Re: [PATCH 2/4] swiotlb: Add a new cc-swiotlb implementation for Confidential VMs

linux-coco.lists.linux.dev archive mirror
 help / color / mirror / Atom feed

From: Guorui Yu <GuoRui.Yu@linux.alibaba.com>
To: Andi Kleen <ak@linux.intel.com>,
	linux-kernel@vger.kernel.org, iommu@lists.linux-foundation.org,
	konrad.wilk@oracle.com, linux-coco@lists.linux.dev
Cc: robin.murphy@arm.com
Subject: Re: [PATCH 2/4] swiotlb: Add a new cc-swiotlb implementation for Confidential VMs
Date: Mon, 30 Jan 2023 10:25:06 +0800	[thread overview]
Message-ID: <2ec59355-c8d5-c794-16e8-7d646b43c455@linux.alibaba.com> (raw)
In-Reply-To: <9b167caf-1b10-f97a-d96a-b7ead8e785e8@linux.intel.com>

在 2023/1/30 00:58, Andi Kleen 写道:
> 
> On 1/28/2023 12:32 AM, GuoRui.Yu wrote:
>> Under COnfidential COmputing (CoCo) scenarios, the VMM cannot access
>> guest memory directly but requires the guest to explicitly mark the
>> memory as shared (decrypted).

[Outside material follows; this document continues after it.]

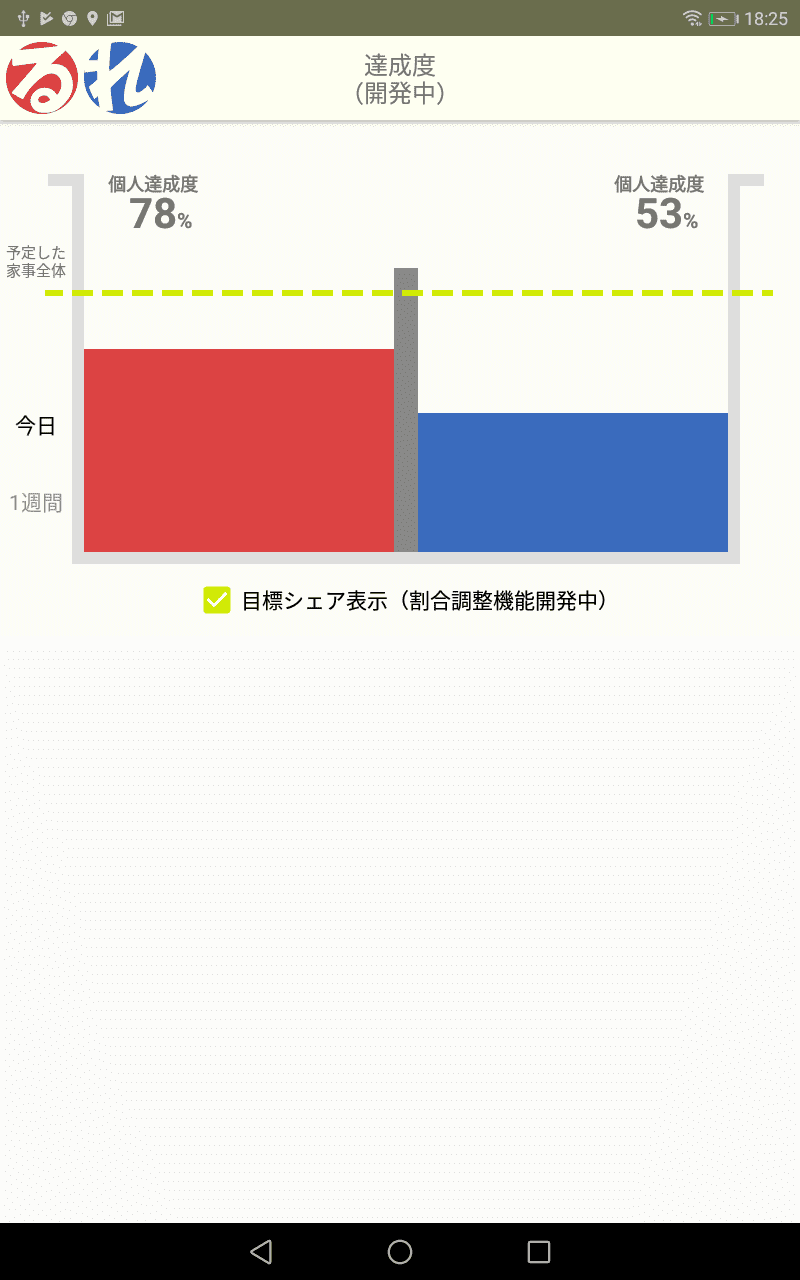 目標シェア率のグラフを表示した画面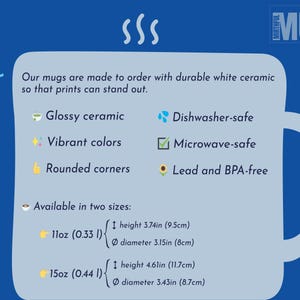 Op de afbeelding: Witte keramische mok met een blauwe handgreep. De mok is vaatwasserbestendig, magnetronbestendig en lood- en BPA-vrij. Hij is verkrijgbaar in twee maten: 11oz (0.33l) en 15oz (0.44l).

To make the streaming DMA mappings work,
>> the current implementation relays on legacy SWIOTLB to bounce the DMA
>> buffer between private (encrypted) and shared (decrypted) memory.
>>
>> However, the legacy swiotlb is designed for compatibility rather than
>> efficiency and CoCo purpose, which will inevitably introduce some
>> unnecessary restrictions.
>> 1. Fixed immutable swiotlb size cannot accommodate to requirements of
>>     multiple devices. And 1GiB (current maximum size) of swiotlb in our
>>     testbed cannot afford multiple disks reads/writes simultaneously.

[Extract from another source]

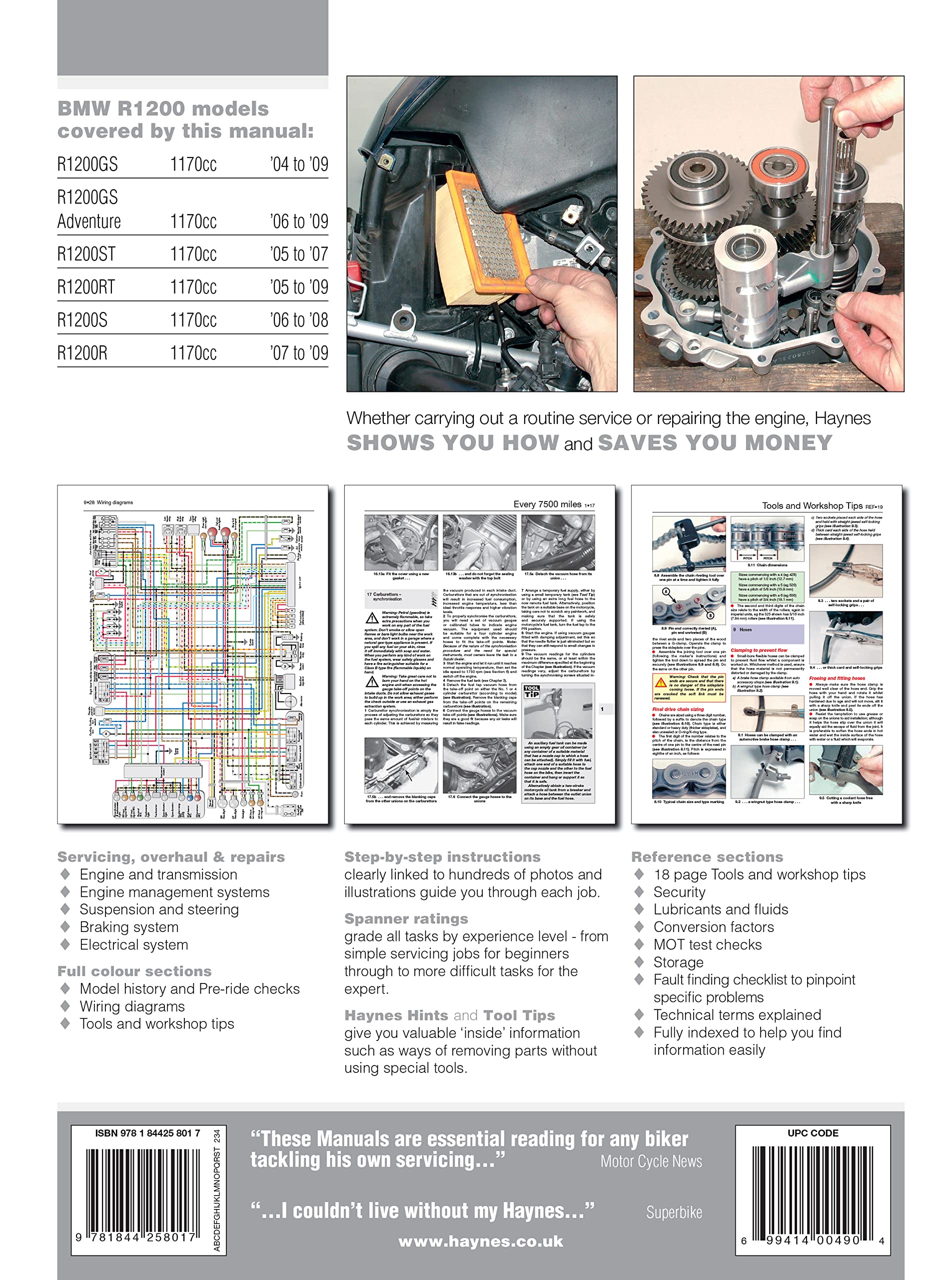 BMW R1200 (04-09)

>> 2. Fixed immutable IO_TLB_SIZE (2KiB) cannot satisfy various kinds of
>>     devices. At the moment, the minimal size of a swiotlb buffer is 2KiB,
>>     which will waste memory on small network packets (under 512 bytes)
>>     and decrease efficiency on a large block (up to 256KiB) size
>>     reads/writes of disks. And it is hard to have a trade-off on legacy
>>     swiotlb to rule them all.
>> 3. The legacy swiotlb cannot efficiently support larger swiotlb buffers.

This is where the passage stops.